KOMPAS.com - Akhir-akhir ini mulai marak pembangunan atau pemugaran kantor-kantor pemerintahan. Beberapa di antaranya malah dirancang dengan corak arsitektur luar negeri.
Sebut saja Kantor Bupati Rokan Hilir, Kantor Walikota Palopo, hingga gedung Istana Wali Nanggroe di Aceh.
Sekilas, bentuk gedung-gedung ini memiliki kemiripan dengan Gedung Putih atau bangunan serupa, yakni berwana putih, besar, lengkap dengan pilar dan kubah.
Baca juga: Megahnya Gedung Negara, Kantor Kepresidenan di Papua
Kesan megah bahkan langsung terasa saat melihat atau pun memasuki bangunan-bangunan pemerintahan ini.
Namun menurut arsitek dari Badan Pelestarian Arsitektur Ikatan Arsitek Indonesia (IAI) Nasional Aditya W Fitrianto, hal tersebut justru tidak mencerminkan arsitektur Nusantara.
"Sangat disesalkan marak pembangunan fungsi pemerintahan di daerah menggunakan langgm atau gaya arsitektur yang tidak mencerminkan kekayaan khazanah arsitektur Nusantara," ujar Aditya menjawab Kompas.com, Rabu (7/11/2018).
"Padahal megah bisa juga dengan langgam arsitektur modern, bahkan banyak bangunan arsitektur era kolonial, terlihat mewah dan menarik," kata Aditya.

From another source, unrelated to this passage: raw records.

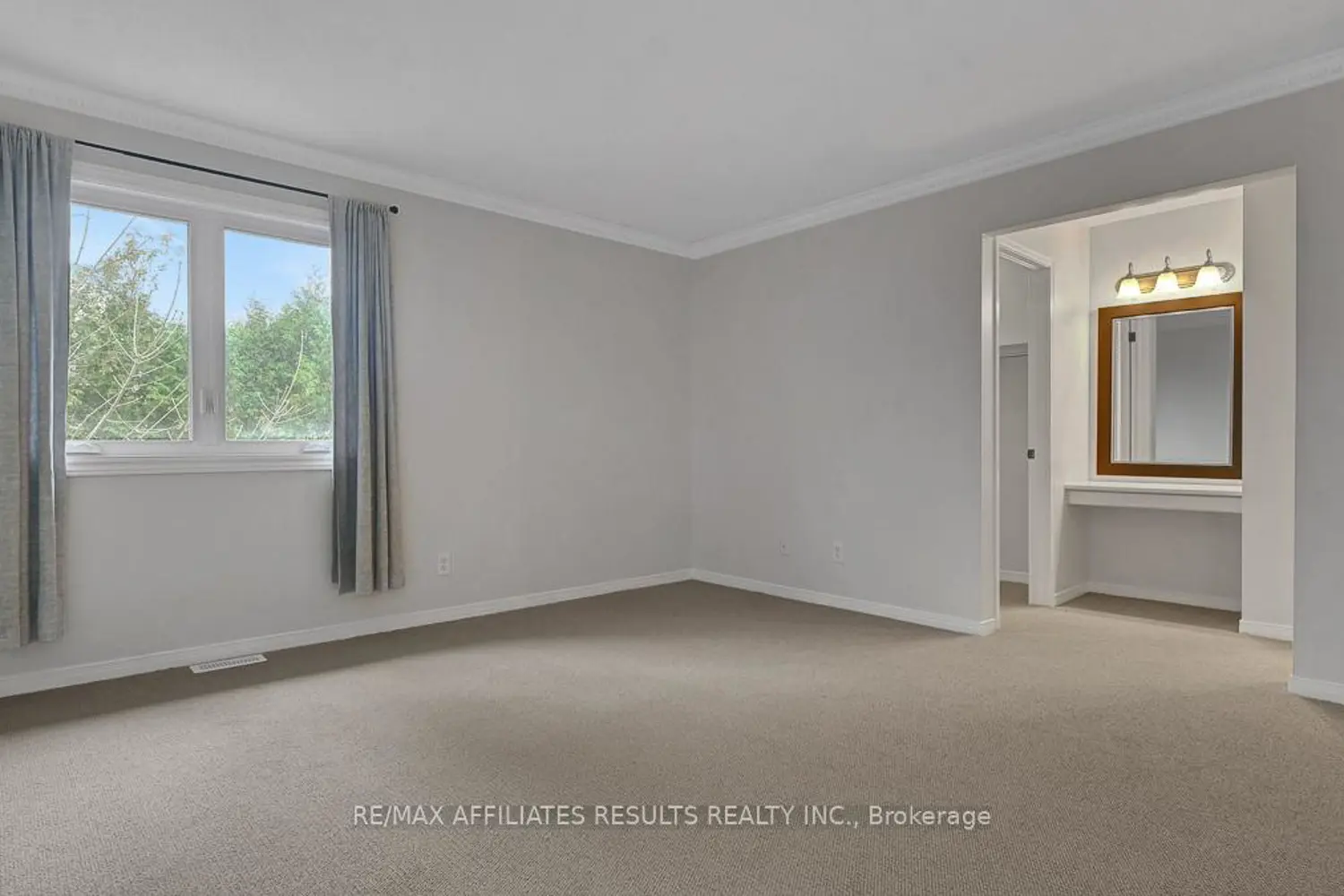 Additional image 9 of 13 Springcreek Crescent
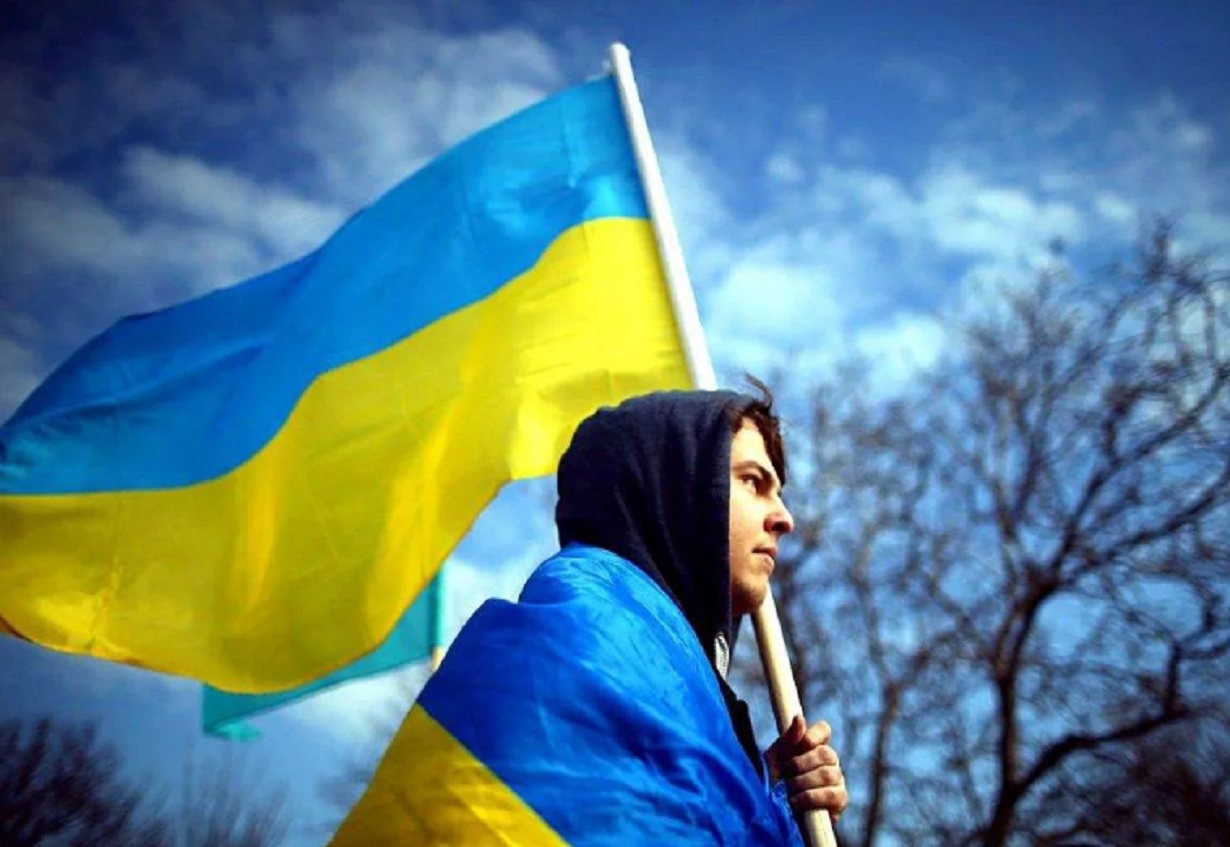 Человек с флагом Украины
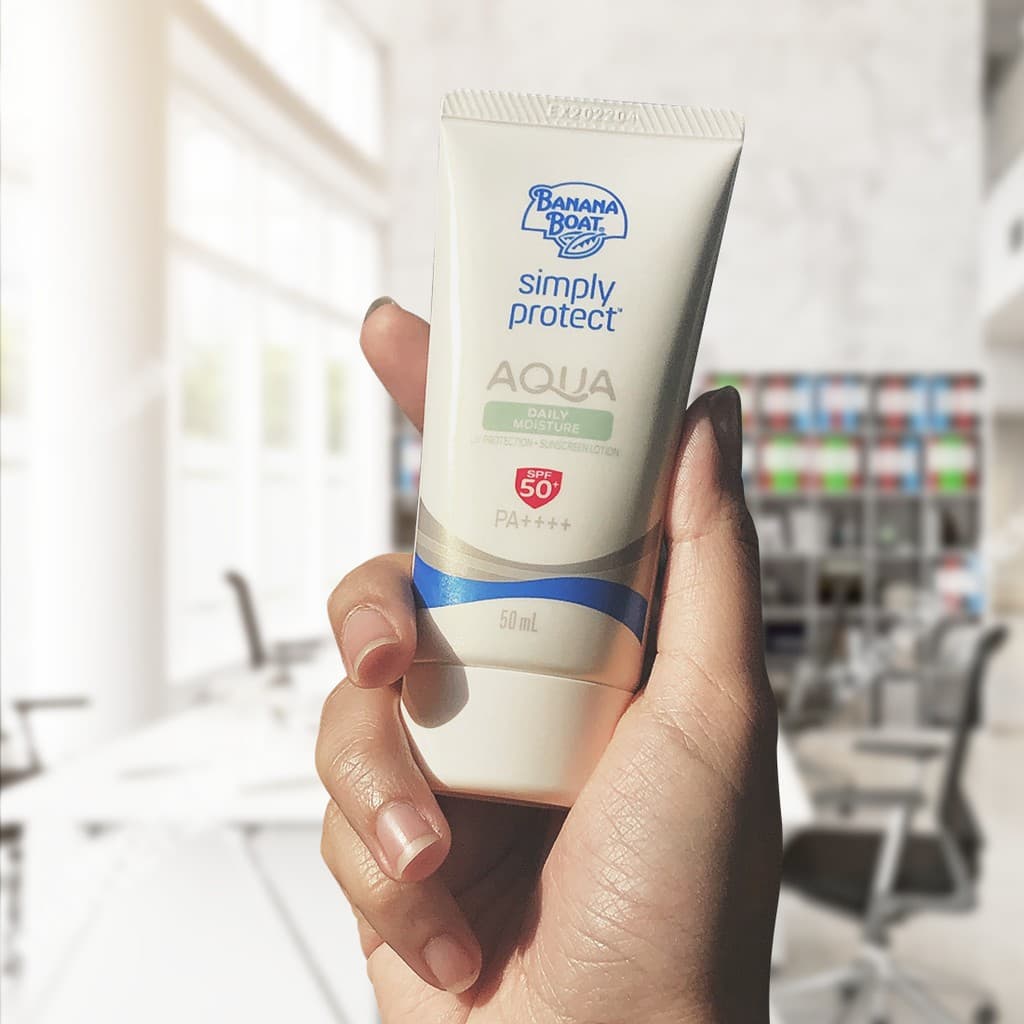 Banana Boat Aqua Daily Moisture UV Protection Sunscreen Lotion SPF50+ PA++++ (50 ml.) SFW21 https://lnwchill.com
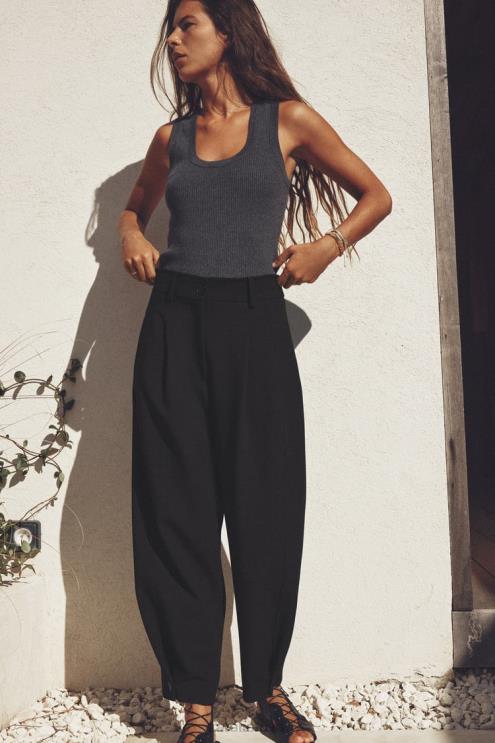 moterys Zara klostuotos siaurėjančios kelnės juodas apranga 4N488874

Selain meniru model bangunan mancanegara, terdapat dua bangunan pemerintah lain yang meniru arsitektur gedung lama, seperti bangunan Kantor Desa di Jember dan Kantor Bupati Boyolali. Aditya menuturkan, peniruan ini sangat tidak dianjurkan.
"Kalau itu bangunan heritage, boleh, karena itu pelestarian. Tapi kalau menjiplak bangunan lama, sangat tidak dianjurkan karena tidak ada konteksnya," imbuh dia.
Menurut Aditya, pembangunan gedung baru khususnya untuk kantor pemerintahan seharusnya menggunakan gaya arsitektur masa kini atau modern.
Selain itu, pemerintah setempat juga bisa mengambil langgam arsitektur Nusantara atau khas daerahnya.
Namun, harus ada perhatian khusus dalam menerapkan arsitektur Nusantara dalam tipologi dan kebutuhan bangunan sekarang.
"Memang tidak mudah mengadaptasi bangunan arsitektur Nusantara ke dalam tipologi bangunan kini, tapi harusnya bisa," ucap dia.